◆ Brief:
The data below contains pictures, which are to be skipped; the lines starting at the line with "Vivienda - Piso" and ending at the line with "Jardin - Apartment with Balcony in Borlänge" are to be output exactly, both ends included.

◆ Data for review:
-------------------------

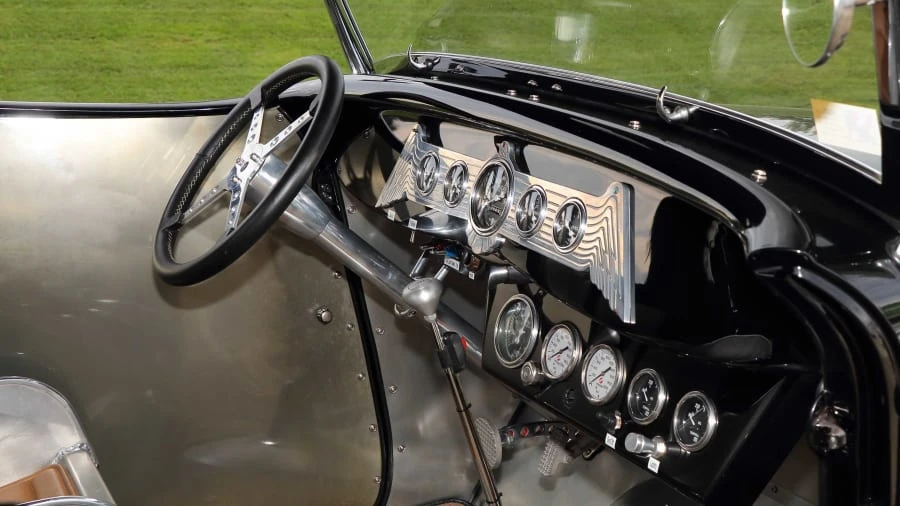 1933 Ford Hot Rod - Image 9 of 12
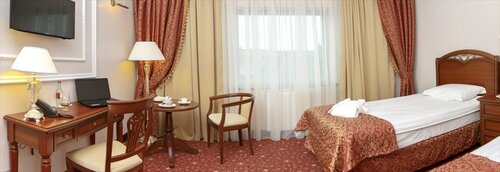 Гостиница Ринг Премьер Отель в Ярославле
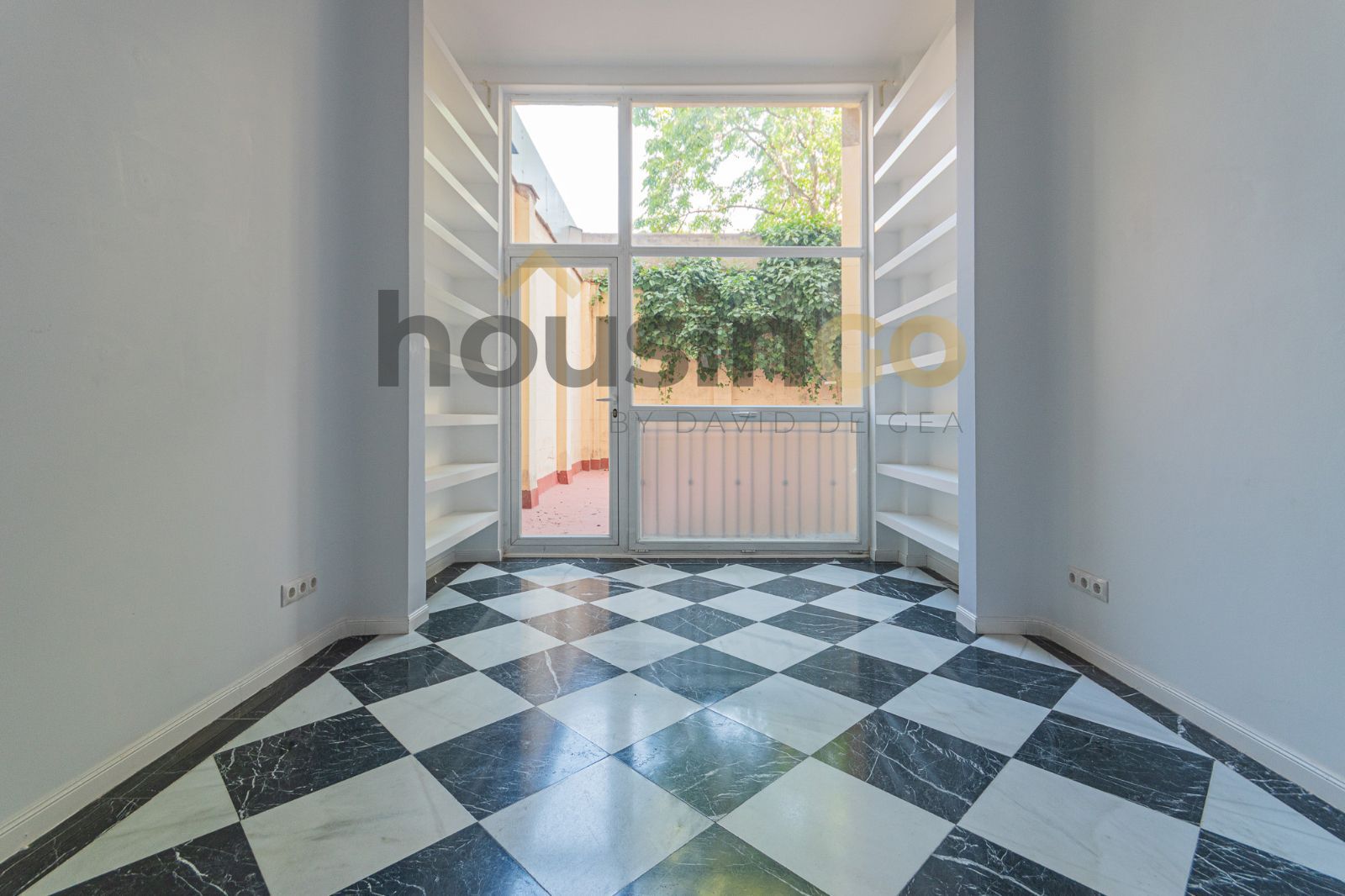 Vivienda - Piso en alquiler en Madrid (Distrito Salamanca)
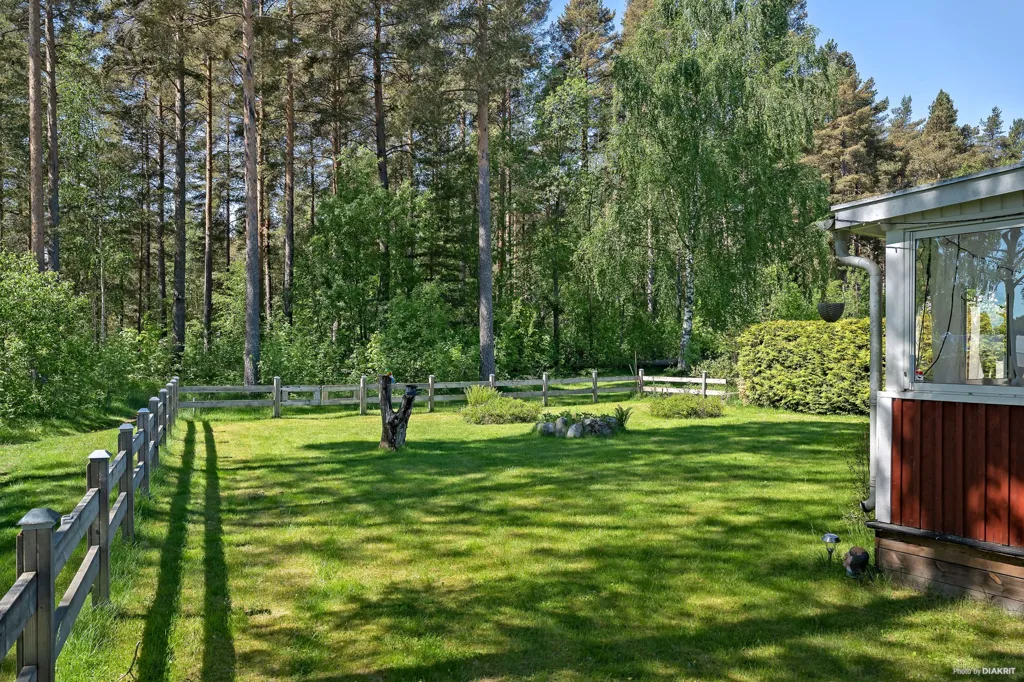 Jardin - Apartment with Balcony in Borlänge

-------------------------

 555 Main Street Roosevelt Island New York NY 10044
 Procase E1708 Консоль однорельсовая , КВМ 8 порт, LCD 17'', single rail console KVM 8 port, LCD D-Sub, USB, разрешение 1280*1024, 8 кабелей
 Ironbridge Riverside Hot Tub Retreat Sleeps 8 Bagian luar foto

-------------------------

◆ Answer area:
 Vivienda - Piso en alquiler en Madrid (Distrito Salamanca)
 Jardin - Apartment with Balcony in Borlänge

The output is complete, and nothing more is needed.